Records excerpted from a collection »
————
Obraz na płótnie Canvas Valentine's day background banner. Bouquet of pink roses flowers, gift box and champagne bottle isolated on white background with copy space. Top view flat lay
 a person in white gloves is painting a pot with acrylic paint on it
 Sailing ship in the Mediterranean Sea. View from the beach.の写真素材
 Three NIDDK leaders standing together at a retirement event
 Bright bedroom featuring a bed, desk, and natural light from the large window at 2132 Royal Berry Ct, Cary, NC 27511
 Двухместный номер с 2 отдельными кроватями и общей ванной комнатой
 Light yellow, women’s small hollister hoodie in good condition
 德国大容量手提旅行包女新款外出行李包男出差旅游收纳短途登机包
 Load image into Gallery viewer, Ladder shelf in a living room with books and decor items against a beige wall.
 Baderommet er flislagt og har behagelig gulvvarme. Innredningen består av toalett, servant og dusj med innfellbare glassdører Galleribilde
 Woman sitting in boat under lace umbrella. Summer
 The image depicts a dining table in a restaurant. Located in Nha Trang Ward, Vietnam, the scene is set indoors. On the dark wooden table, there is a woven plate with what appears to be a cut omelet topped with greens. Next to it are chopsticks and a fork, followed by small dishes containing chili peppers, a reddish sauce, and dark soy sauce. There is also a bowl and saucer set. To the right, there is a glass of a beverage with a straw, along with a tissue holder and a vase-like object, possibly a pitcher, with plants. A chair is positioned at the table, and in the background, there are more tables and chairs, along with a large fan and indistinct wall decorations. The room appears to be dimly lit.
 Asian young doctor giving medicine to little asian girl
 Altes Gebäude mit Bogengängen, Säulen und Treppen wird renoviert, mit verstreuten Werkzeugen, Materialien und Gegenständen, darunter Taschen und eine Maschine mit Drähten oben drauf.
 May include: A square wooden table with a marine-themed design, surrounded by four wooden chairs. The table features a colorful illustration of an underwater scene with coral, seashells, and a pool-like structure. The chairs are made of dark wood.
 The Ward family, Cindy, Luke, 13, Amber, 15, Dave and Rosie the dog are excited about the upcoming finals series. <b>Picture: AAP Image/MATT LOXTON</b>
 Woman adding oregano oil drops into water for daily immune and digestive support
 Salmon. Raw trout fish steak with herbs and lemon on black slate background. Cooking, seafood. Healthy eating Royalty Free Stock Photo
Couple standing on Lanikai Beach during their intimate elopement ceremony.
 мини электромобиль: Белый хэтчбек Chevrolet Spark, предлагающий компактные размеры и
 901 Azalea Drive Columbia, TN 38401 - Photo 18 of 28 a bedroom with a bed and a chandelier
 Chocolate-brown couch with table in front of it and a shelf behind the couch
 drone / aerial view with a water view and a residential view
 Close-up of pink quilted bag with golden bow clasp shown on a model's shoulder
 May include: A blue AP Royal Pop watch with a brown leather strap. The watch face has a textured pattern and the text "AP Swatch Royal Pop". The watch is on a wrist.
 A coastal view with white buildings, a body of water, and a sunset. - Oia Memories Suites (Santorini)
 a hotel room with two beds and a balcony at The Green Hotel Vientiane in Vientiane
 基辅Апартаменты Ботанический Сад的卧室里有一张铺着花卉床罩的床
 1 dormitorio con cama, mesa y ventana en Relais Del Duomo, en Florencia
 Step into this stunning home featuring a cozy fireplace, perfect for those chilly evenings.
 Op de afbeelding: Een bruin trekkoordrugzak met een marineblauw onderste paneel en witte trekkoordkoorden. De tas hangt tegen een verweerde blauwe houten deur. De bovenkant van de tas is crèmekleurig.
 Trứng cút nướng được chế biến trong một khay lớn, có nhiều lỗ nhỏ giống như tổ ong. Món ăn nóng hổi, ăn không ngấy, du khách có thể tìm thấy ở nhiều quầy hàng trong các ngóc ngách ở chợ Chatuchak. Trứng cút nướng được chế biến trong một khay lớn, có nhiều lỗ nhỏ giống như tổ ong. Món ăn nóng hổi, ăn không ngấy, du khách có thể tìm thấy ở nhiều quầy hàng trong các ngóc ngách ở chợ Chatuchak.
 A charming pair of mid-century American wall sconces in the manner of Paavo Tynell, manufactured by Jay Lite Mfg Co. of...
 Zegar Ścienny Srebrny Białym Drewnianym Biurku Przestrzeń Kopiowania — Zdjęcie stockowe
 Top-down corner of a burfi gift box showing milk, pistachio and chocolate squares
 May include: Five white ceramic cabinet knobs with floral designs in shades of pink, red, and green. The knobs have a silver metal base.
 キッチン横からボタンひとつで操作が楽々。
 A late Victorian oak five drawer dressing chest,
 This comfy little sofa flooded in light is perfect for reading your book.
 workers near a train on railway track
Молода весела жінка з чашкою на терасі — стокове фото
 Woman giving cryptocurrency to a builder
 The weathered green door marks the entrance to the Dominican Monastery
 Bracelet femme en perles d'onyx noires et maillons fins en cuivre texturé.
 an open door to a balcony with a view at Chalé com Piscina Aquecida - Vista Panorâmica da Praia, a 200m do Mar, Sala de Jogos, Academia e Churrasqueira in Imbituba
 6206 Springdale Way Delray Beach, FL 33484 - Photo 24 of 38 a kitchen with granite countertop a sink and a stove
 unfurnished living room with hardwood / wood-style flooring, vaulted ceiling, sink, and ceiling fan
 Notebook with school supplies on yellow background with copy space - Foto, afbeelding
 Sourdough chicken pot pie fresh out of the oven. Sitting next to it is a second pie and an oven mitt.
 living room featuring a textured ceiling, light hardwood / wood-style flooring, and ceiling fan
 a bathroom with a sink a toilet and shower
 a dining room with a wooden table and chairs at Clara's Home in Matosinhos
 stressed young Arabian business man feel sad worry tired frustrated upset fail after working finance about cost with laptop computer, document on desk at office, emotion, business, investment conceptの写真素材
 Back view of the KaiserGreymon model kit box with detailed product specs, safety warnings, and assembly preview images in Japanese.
————
WORK TASK » The records above must be printed again in full, exactly as written.

SOLUTION »
Obraz na płótnie Canvas Valentine's day background banner. Bouquet of pink roses flowers, gift box and champagne bottle isolated on white background with copy space. Top view flat lay
 a person in white gloves is painting a pot with acrylic paint on it
 Sailing ship in the Mediterranean Sea. View from the beach.の写真素材
 Three NIDDK leaders standing together at a retirement event
 Bright bedroom featuring a bed, desk, and natural light from the large window at 2132 Royal Berry Ct, Cary, NC 27511
 Двухместный номер с 2 отдельными кроватями и общей ванной комнатой
 Light yellow, women’s small hollister hoodie in good condition
 德国大容量手提旅行包女新款外出行李包男出差旅游收纳短途登机包
 Load image into Gallery viewer, Ladder shelf in a living room with books and decor items against a beige wall.
 Baderommet er flislagt og har behagelig gulvvarme. Innredningen består av toalett, servant og dusj med innfellbare glassdører Galleribilde
 Woman sitting in boat under lace umbrella. Summer
 The image depicts a dining table in a restaurant. Located in Nha Trang Ward, Vietnam, the scene is set indoors. On the dark wooden table, there is a woven plate with what appears to be a cut omelet topped with greens. Next to it are chopsticks and a fork, followed by small dishes containing chili peppers, a reddish sauce, and dark soy sauce. There is also a bowl and saucer set. To the right, there is a glass of a beverage with a straw, along with a tissue holder and a vase-like object, possibly a pitcher, with plants. A chair is positioned at the table, and in the background, there are more tables and chairs, along with a large fan and indistinct wall decorations. The room appears to be dimly lit.
 Asian young doctor giving medicine to little asian girl
 Altes Gebäude mit Bogengängen, Säulen und Treppen wird renoviert, mit verstreuten Werkzeugen, Materialien und Gegenständen, darunter Taschen und eine Maschine mit Drähten oben drauf.
 May include: A square wooden table with a marine-themed design, surrounded by four wooden chairs. The table features a colorful illustration of an underwater scene with coral, seashells, and a pool-like structure. The chairs are made of dark wood.
 The Ward family, Cindy, Luke, 13, Amber, 15, Dave and Rosie the dog are excited about the upcoming finals series. <b>Picture: AAP Image/MATT LOXTON</b>
 Woman adding oregano oil drops into water for daily immune and digestive support
 Salmon. Raw trout fish steak with herbs and lemon on black slate background. Cooking, seafood. Healthy eating Royalty Free Stock Photo
Couple standing on Lanikai Beach during their intimate elopement ceremony.
 мини электромобиль: Белый хэтчбек Chevrolet Spark, предлагающий компактные размеры и
 901 Azalea Drive Columbia, TN 38401 - Photo 18 of 28 a bedroom with a bed and a chandelier
 Chocolate-brown couch with table in front of it and a shelf behind the couch
 drone / aerial view with a water view and a residential view
 Close-up of pink quilted bag with golden bow clasp shown on a model's shoulder
 May include: A blue AP Royal Pop watch with a brown leather strap. The watch face has a textured pattern and the text "AP Swatch Royal Pop". The watch is on a wrist.
 A coastal view with white buildings, a body of water, and a sunset. - Oia Memories Suites (Santorini)
 a hotel room with two beds and a balcony at The Green Hotel Vientiane in Vientiane
 基辅Апартаменты Ботанический Сад的卧室里有一张铺着花卉床罩的床
 1 dormitorio con cama, mesa y ventana en Relais Del Duomo, en Florencia
 Step into this stunning home featuring a cozy fireplace, perfect for those chilly evenings.
 Op de afbeelding: Een bruin trekkoordrugzak met een marineblauw onderste paneel en witte trekkoordkoorden. De tas hangt tegen een verweerde blauwe houten deur. De bovenkant van de tas is crèmekleurig.
 Trứng cút nướng được chế biến trong một khay lớn, có nhiều lỗ nhỏ giống như tổ ong. Món ăn nóng hổi, ăn không ngấy, du khách có thể tìm thấy ở nhiều quầy hàng trong các ngóc ngách ở chợ Chatuchak. Trứng cút nướng được chế biến trong một khay lớn, có nhiều lỗ nhỏ giống như tổ ong. Món ăn nóng hổi, ăn không ngấy, du khách có thể tìm thấy ở nhiều quầy hàng trong các ngóc ngách ở chợ Chatuchak.
 A charming pair of mid-century American wall sconces in the manner of Paavo Tynell, manufactured by Jay Lite Mfg Co. of...
 Zegar Ścienny Srebrny Białym Drewnianym Biurku Przestrzeń Kopiowania — Zdjęcie stockowe
 Top-down corner of a burfi gift box showing milk, pistachio and chocolate squares
 May include: Five white ceramic cabinet knobs with floral designs in shades of pink, red, and green. The knobs have a silver metal base.
 キッチン横からボタンひとつで操作が楽々。
 A late Victorian oak five drawer dressing chest,
 This comfy little sofa flooded in light is perfect for reading your book.
 workers near a train on railway track
Молода весела жінка з чашкою на терасі — стокове фото
 Woman giving cryptocurrency to a builder
 The weathered green door marks the entrance to the Dominican Monastery
 Bracelet femme en perles d'onyx noires et maillons fins en cuivre texturé.
 an open door to a balcony with a view at Chalé com Piscina Aquecida - Vista Panorâmica da Praia, a 200m do Mar, Sala de Jogos, Academia e Churrasqueira in Imbituba
 6206 Springdale Way Delray Beach, FL 33484 - Photo 24 of 38 a kitchen with granite countertop a sink and a stove
 unfurnished living room with hardwood / wood-style flooring, vaulted ceiling, sink, and ceiling fan
 Notebook with school supplies on yellow background with copy space - Foto, afbeelding
 Sourdough chicken pot pie fresh out of the oven. Sitting next to it is a second pie and an oven mitt.
 living room featuring a textured ceiling, light hardwood / wood-style flooring, and ceiling fan
 a bathroom with a sink a toilet and shower
 a dining room with a wooden table and chairs at Clara's Home in Matosinhos
 stressed young Arabian business man feel sad worry tired frustrated upset fail after working finance about cost with laptop computer, document on desk at office, emotion, business, investment conceptの写真素材
 Back view of the KaiserGreymon model kit box with detailed product specs, safety warnings, and assembly preview images in Japanese.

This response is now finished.